Tom Lotshaw Daily Inter Lake | Hagadone News Network | UPDATED 11 years, 6 months AGO
by Tom Lotshaw Daily Inter Lake
| July 21, 2013 10:00 PM

Conversation about what to do with Kalispell’s water and sanitary sewer impact fees continues Tuesday among impact fee advisory committee members who have wrestled with the question for months.

Earlier this spring, the committee agreed to recommend that Kalispell increase its minimum water impact fee from $2,213 to $2,567 as recommended by a fee analysis by Morrison-Maierle.

That proposal was promptly returned to the committee by members of the Kalispell City Council who questioned a 2 percent estimated growth rate used in the fee’s calculation and wanted it reconsidered.

For the third time in three months, impact fee committee members are slated to review and vote on the appropriateness of that growth rate and possibly wrap up a water impact fee review process that has lasted since last October.

Kalispell has not adjusted its water or sanitary sewer impact fees since 2008 despite two rounds of studies.

Public Works Director Susie Turner will discuss sanitary sewer impact fees and some of the trends that are driving increases in those fees.

Morrison-Maierle recommends Kalispell increase its minimum sewer impact fee from $2,499 to $4,257 — a significant spike in development costs some members of the impact fee committee have been unwilling to support.

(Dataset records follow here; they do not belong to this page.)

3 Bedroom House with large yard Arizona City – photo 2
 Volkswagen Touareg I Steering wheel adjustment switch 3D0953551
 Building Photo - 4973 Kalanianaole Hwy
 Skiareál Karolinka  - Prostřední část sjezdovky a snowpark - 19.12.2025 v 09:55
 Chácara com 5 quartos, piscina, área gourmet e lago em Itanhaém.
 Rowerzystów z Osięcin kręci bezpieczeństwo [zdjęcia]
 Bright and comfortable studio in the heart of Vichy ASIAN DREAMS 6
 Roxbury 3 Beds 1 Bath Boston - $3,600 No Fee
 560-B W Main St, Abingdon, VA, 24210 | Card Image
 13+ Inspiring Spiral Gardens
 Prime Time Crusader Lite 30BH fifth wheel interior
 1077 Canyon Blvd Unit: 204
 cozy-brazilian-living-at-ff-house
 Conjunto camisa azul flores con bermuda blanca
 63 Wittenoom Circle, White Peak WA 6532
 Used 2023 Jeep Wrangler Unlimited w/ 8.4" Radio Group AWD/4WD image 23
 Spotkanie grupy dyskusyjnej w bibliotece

Finally, the impact fee committee will also discuss or vote on recommending some other way for the Kalispell City Council to raise money to pay for growth-driven, capital improvement projects normally paid for with money from impact fees.

That approach could keep fees from increasing as Kalispell continues to slowly emerge from a long economic downturn, committee members have said.

Several “alternative funding” methods have been pitched.

One is to raise the utility rates Kalispell’s water or sewer customers pay, folding capital improvements projects into the mix of maintenance and operations that rates are normally used to pay for.

Chad Graham, chairman of the impact fee committee, and council member Phil Guiffrida III have pitched another idea: Take some percentage of the property taxes paid by new growth for a set number of years and allocate it to be used for capital improvements. That approach would, however, take money from maintenance and operations budgets of city departments.


Reporter Tom Lotshaw may be reached at 758-4483 or by email at tlotshaw@dailyinterlake.com.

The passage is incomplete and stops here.